Isaiah (prophet)   c. 740 – 681 BCE

Just last week we were at synagogue singing the prayers for rain- “Tefillat haGeshem”. Israel wants the rain for the trees and plants that will blossom in (our)  winter and spring. And wouldn’t you know it, here in Toronto the heavens opened that afternoon and again at night and it poured. I heard that it rained in Israel too.

Rain, like everything else, has to come at the right time in the right amount. We know that sometimes there are floods in one part of the world while there are famine and forest fires due to drought in another.

In this parsha we read about the sinning that  occurred in the world.
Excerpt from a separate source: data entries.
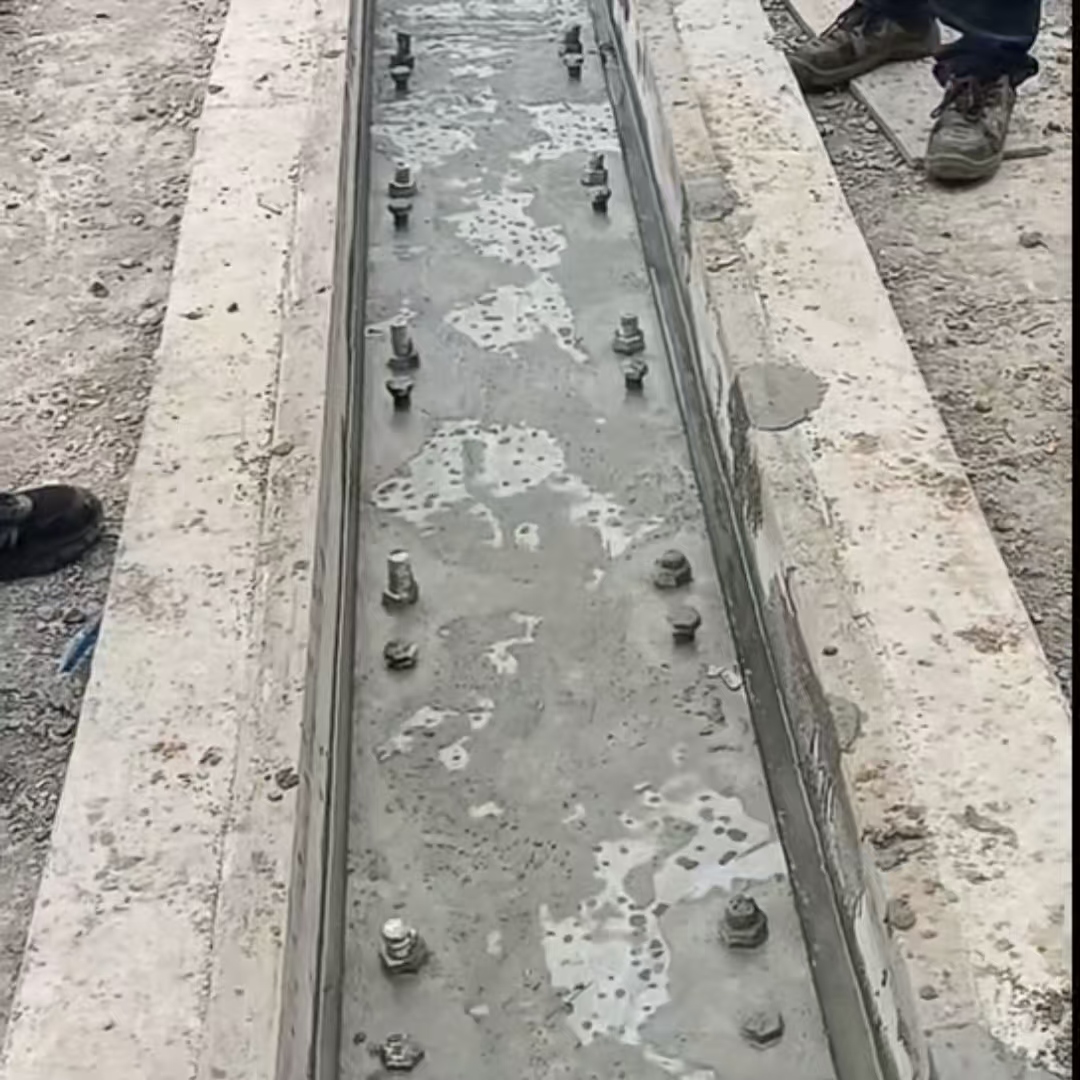 同德环氧树脂轨道胶泥是什么？用在哪里？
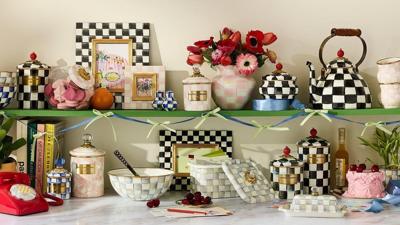 How to whimsy-max your spaces with dopamine decor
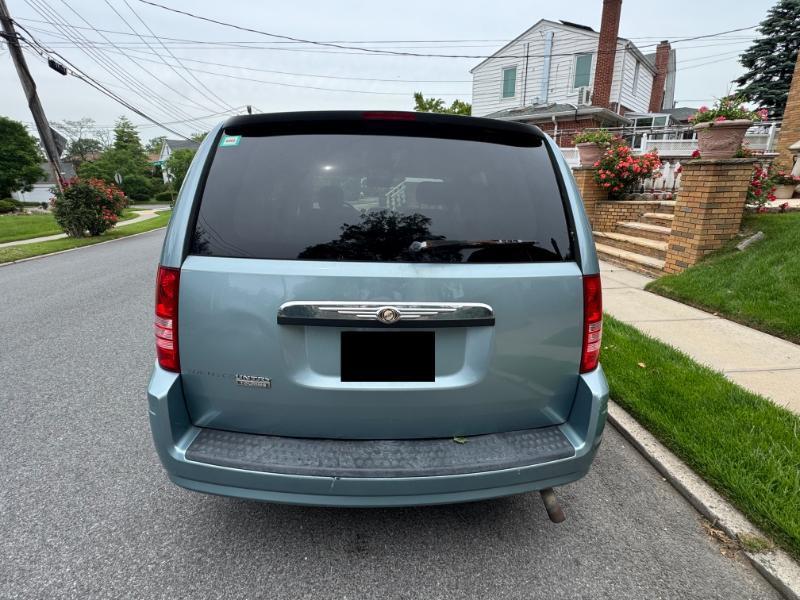 Chrysler Town & Country Touring 2008
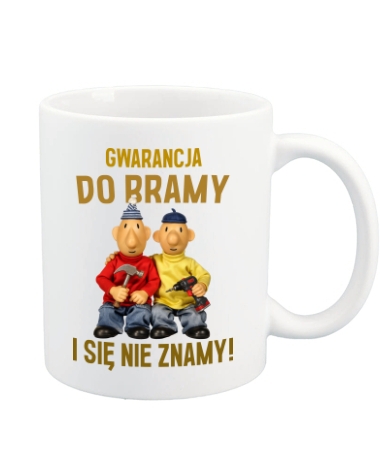 Gwarancja do bramy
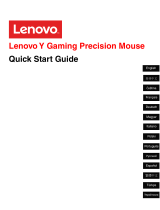 Lenovo Y Guide de démarrage rapide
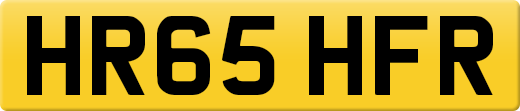 HR65HFR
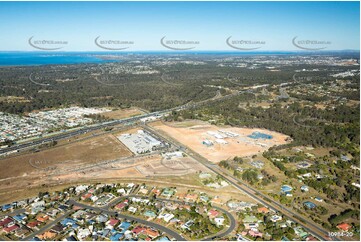 Aerial Photo Burpengary QLD Aerial Photography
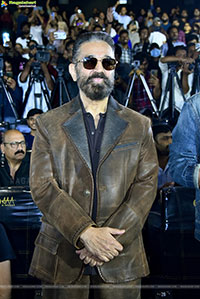 Kamal Haasan at Thug Life Movie Press Meet, HD Gallery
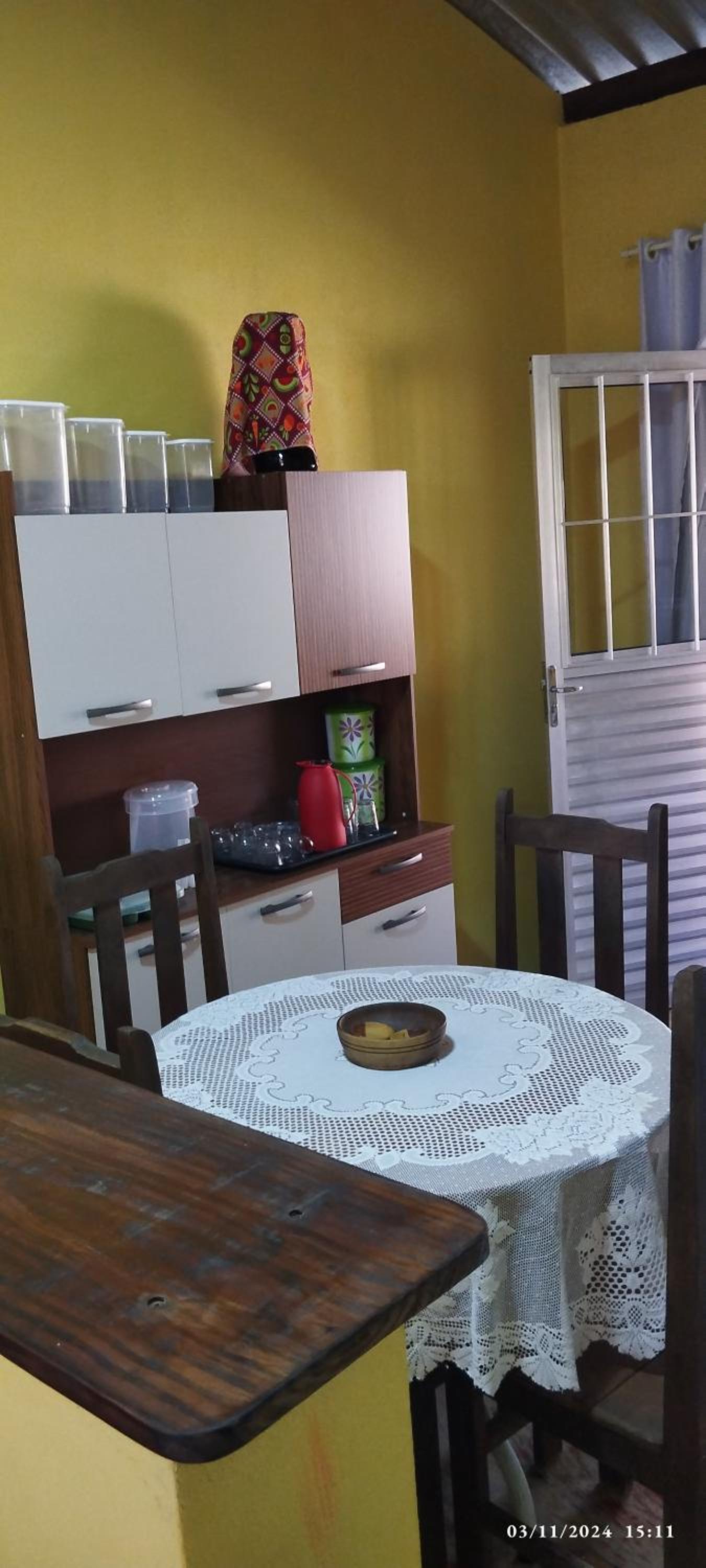 Casa Laranja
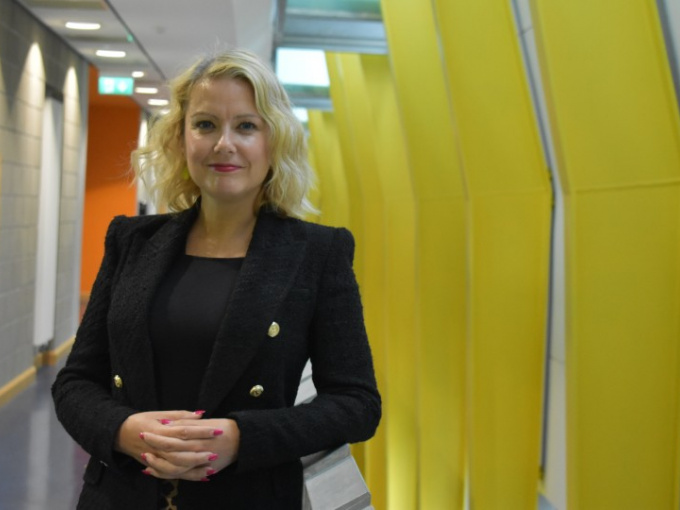 Professor Niamh Stack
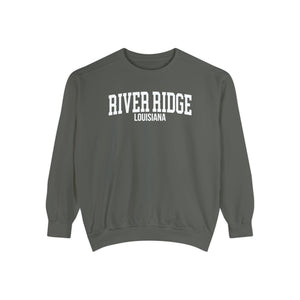 River Ridge Louisiana Comfort Colors Sweatshirt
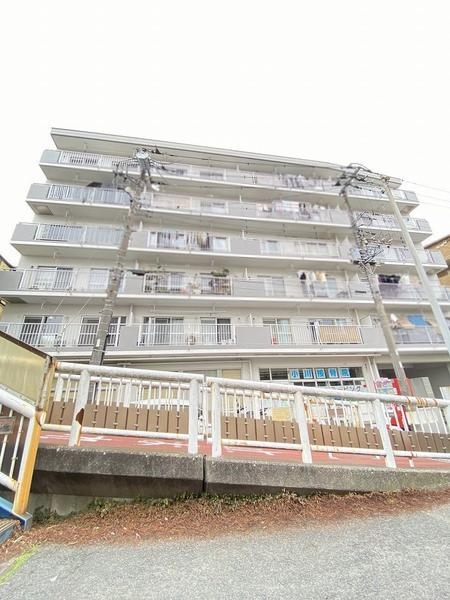 東戸塚マンション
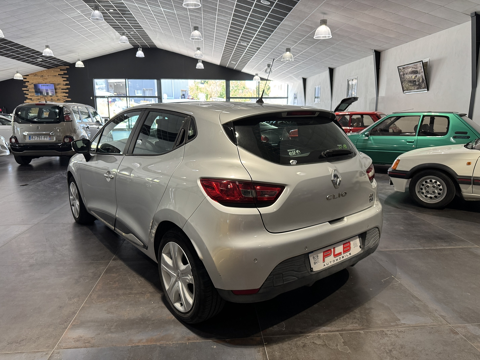 Clio IV 1.5 DCI 90CH BUSINESS PLB AUTO 2014 occasion 12000 RODEZ
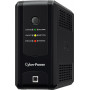 ИБП CyberPower UT650EIG, Line-Interactive,  650VA360W USBRJ1145 (4 IEC С13) Cyberpower CyberPower UT650EIG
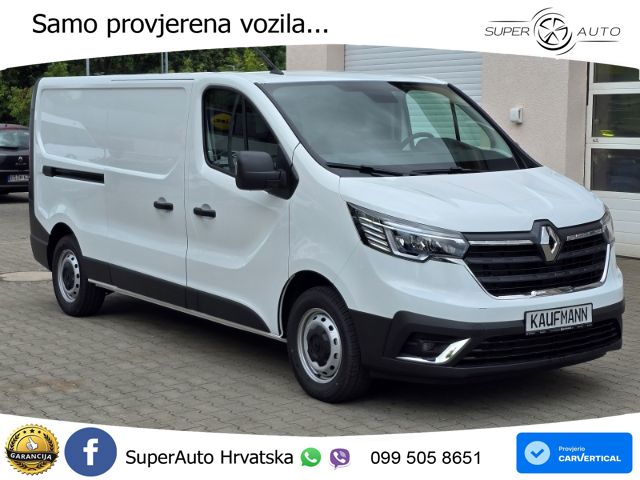 Renault Trafic 110 KS
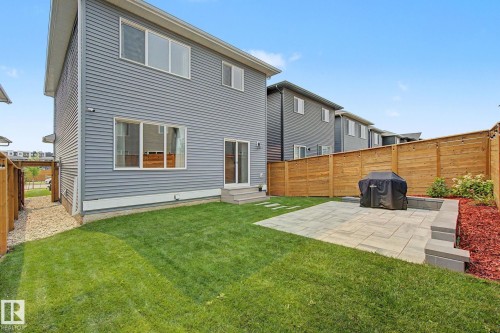 28 Rosewood Way, St. Albert, AB - Outdoor With Exterior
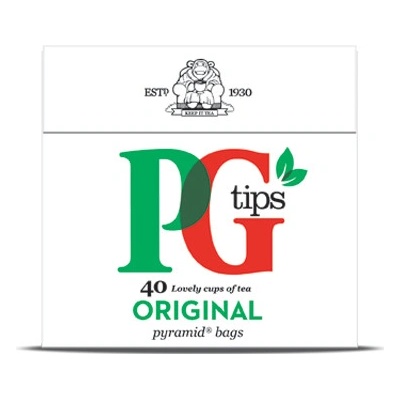 PG Tips 40 ks 116 g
Gd was upset by  humanity’s excessive evil and  caused a flood to wipe out most of humanity and most of the animal world. After 40 days and 40 nights the rain abated and the world as it was known ended. Noah and his family had to start anew. Gd decided never to destroy humanity again. The sign of this resolution and covenant was- and continues to be- a rainbow.

Last week when I went for a walk in the afternoon rain I saw a beautiful sight. There was a rainbow set in the east sky against steel grey clouds. The unexpected contrast was gorgeous.

The rainbow is a magical thing. It is perfect semicircle in the sky made up of every conceivable colour. Gd has created an image of perfection to remind Himself that although Gd can achieve perfection we mortals can’t. As such we can’t be expected to behave perfectly. Our duty is to try to do the best we can.

In this season, this new year of 5775, those of us lucky enough to live in a country with true autumn can enjoy the colours of the rainbow around us.P1120285

The High Holy Days, also called the “Days of Awe” are behind us. The first readings of the Torah are about new beginnings, explorations and lessons. We prayed for rain but we want the right amount- not enough rain to flood the land and destroy life. It’s a prayer for good things in moderation and a reminder for us to appreciate the goodness and beauty that is around us in the world.

So as you go through the week notice the beauty around you whether it is beauty in changing colours, in the people around you or in the grace of day to day living.